Dabei ist der Mindestlohn auch eine wichtige Stellschraube, was das Lohnniveau insgesamt angeht, und an diesem Lohnniveau hängt eine ganze Reihe weiterer Dinge.
Die Kassenlage der Sozialversicherungen beispielsweise, die deutlich besser wäre, wären die Löhne in Deutschland nicht schon lange unterdurchschnittlich gestiegen. Oder der Binnenmarkt, der vor bald zwanzig Jahren gezielt einer Exportwirtschaft geopfert wurde, die, dank der Selbstverstümmelung durch die Russlandsanktionen, nun an Auszehrung leidet.
Klar, den Unternehmervertretern konnte man das noch nie vermitteln, die interessieren sich nur für ihre eigenen Zahlen und wollen schlicht immer möglichst niedrige Löhne. Aber Politiker, die noch ein wenig Einblick in volkswirtschaftliche Zusammenhänge haben, müssten erkennen, dass eine deutliche Anhebung des Mindestlohns der einfachste Schritt wäre, um das Lohnniveau insgesamt zu heben und damit den Binnenmarkt wieder etwas zu beleben, damit er die Ausfälle im Exportsektor zumindest teilweise kompensieren kann.

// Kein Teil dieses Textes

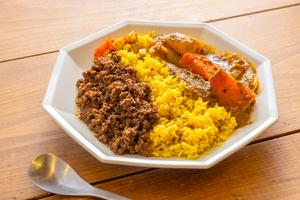 やみつきキーマ＆濃厚ベジ旨カレー(あいがけ)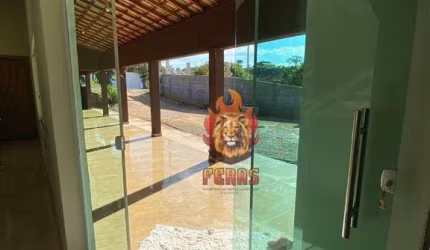 Casa com 3 dormitórios à venda, 420 m² por R$ 700.000,00 - Olhos D'água - Mairinque/SP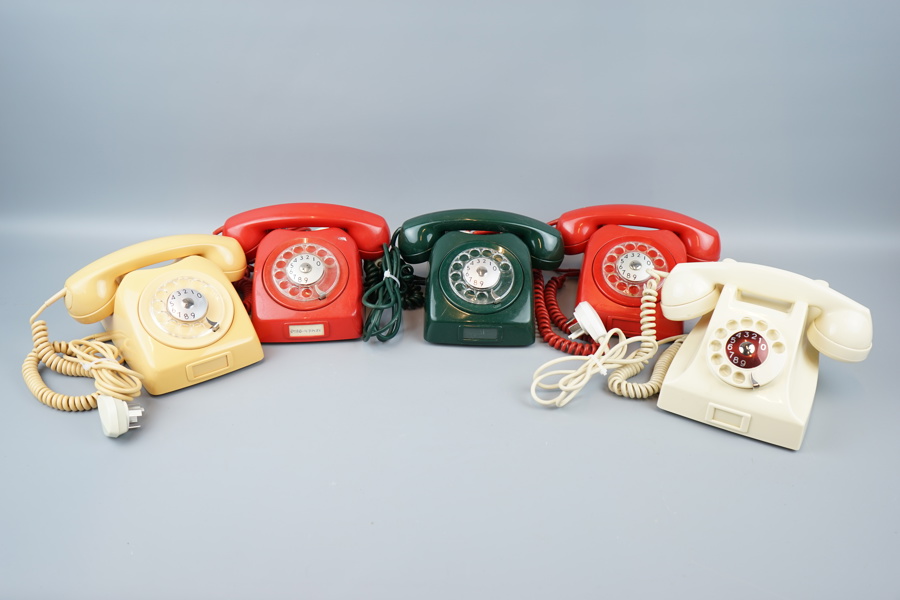 Telefoner, 5 st, plast.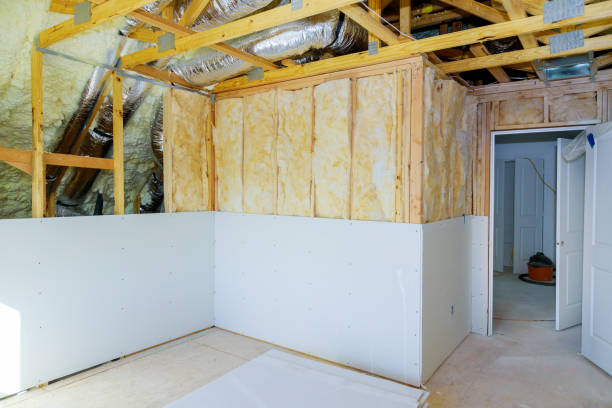 Best Spray Foam Insulation in Centerville, IA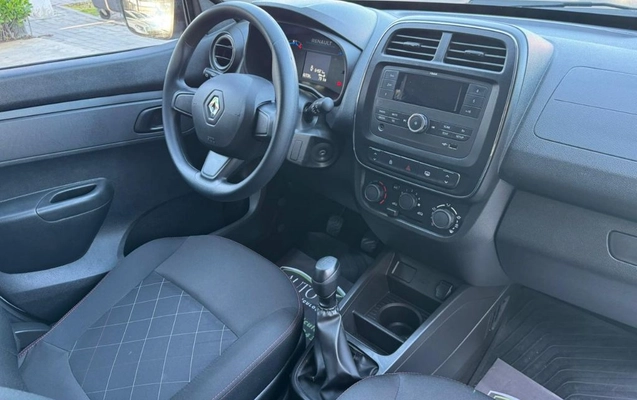 imagem-https://www.socarrao.com.br/sc-vehicle-images-prod/2009633/1785440000880-gb-35a8ef7.jpeg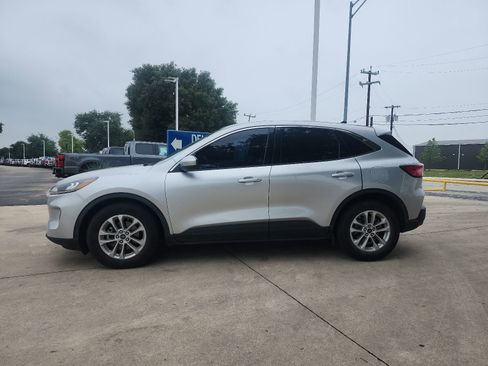 Used 2020 Ford Escape SE FWD image 4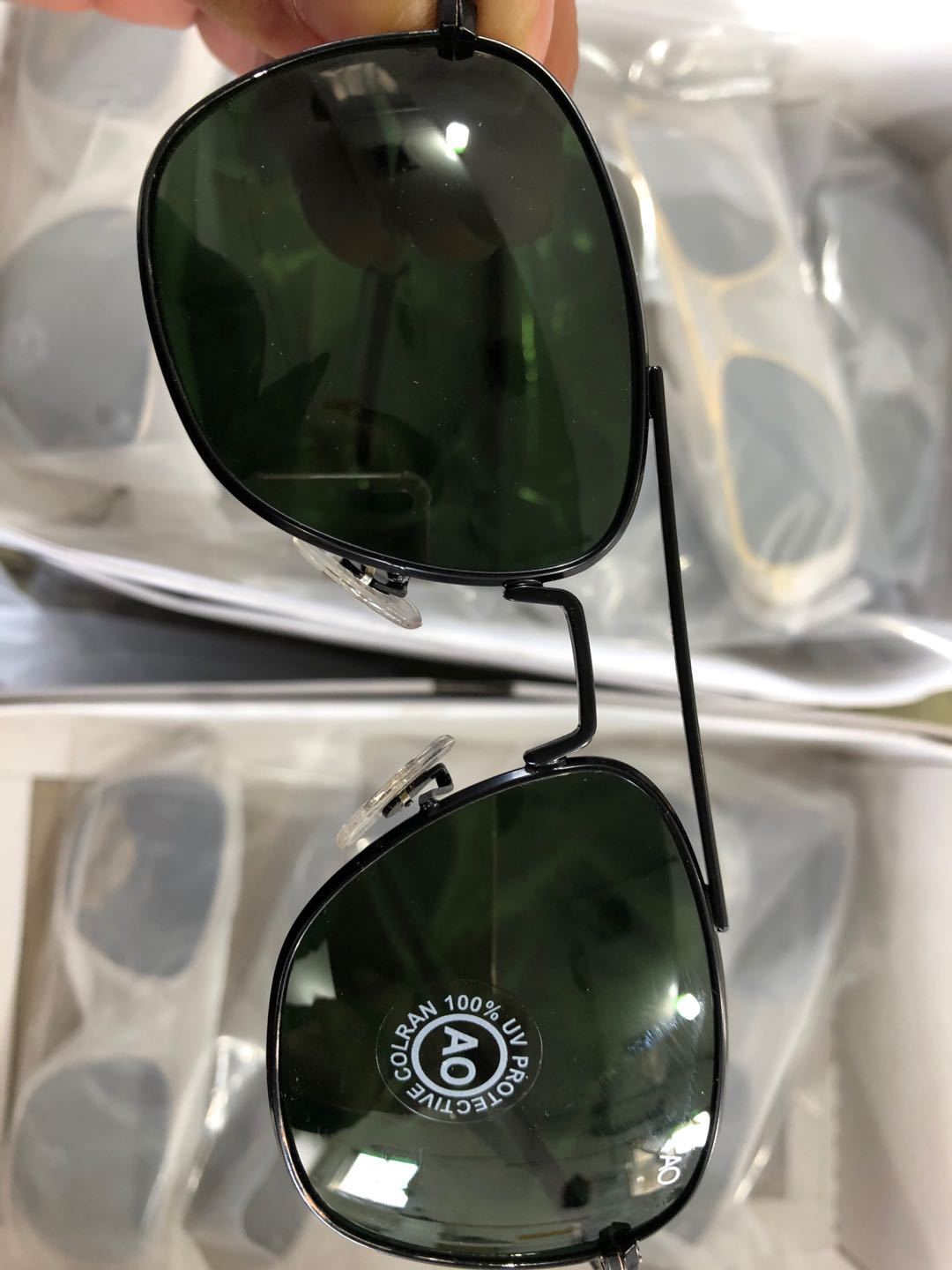 Men's Classic Aviator UV400 Sunglasses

Für das Land ist ein höherer Mindestlohn um Vieles besser als die Abermilliarden, die gerade in die Rüstung gepumpt werden.
Zumindest früher hatten Sozialdemokraten wenigstens diese Zusammenhänge im Kopf. Eine Erhöhung des Mindestlohns auf 12,41 Euro erreicht aber nicht mehr, als einen Teil der realen Lohnsenkung durch die Inflation für die Mindestlohnempfänger abzufangen. Eben das übliche Trauerspiel.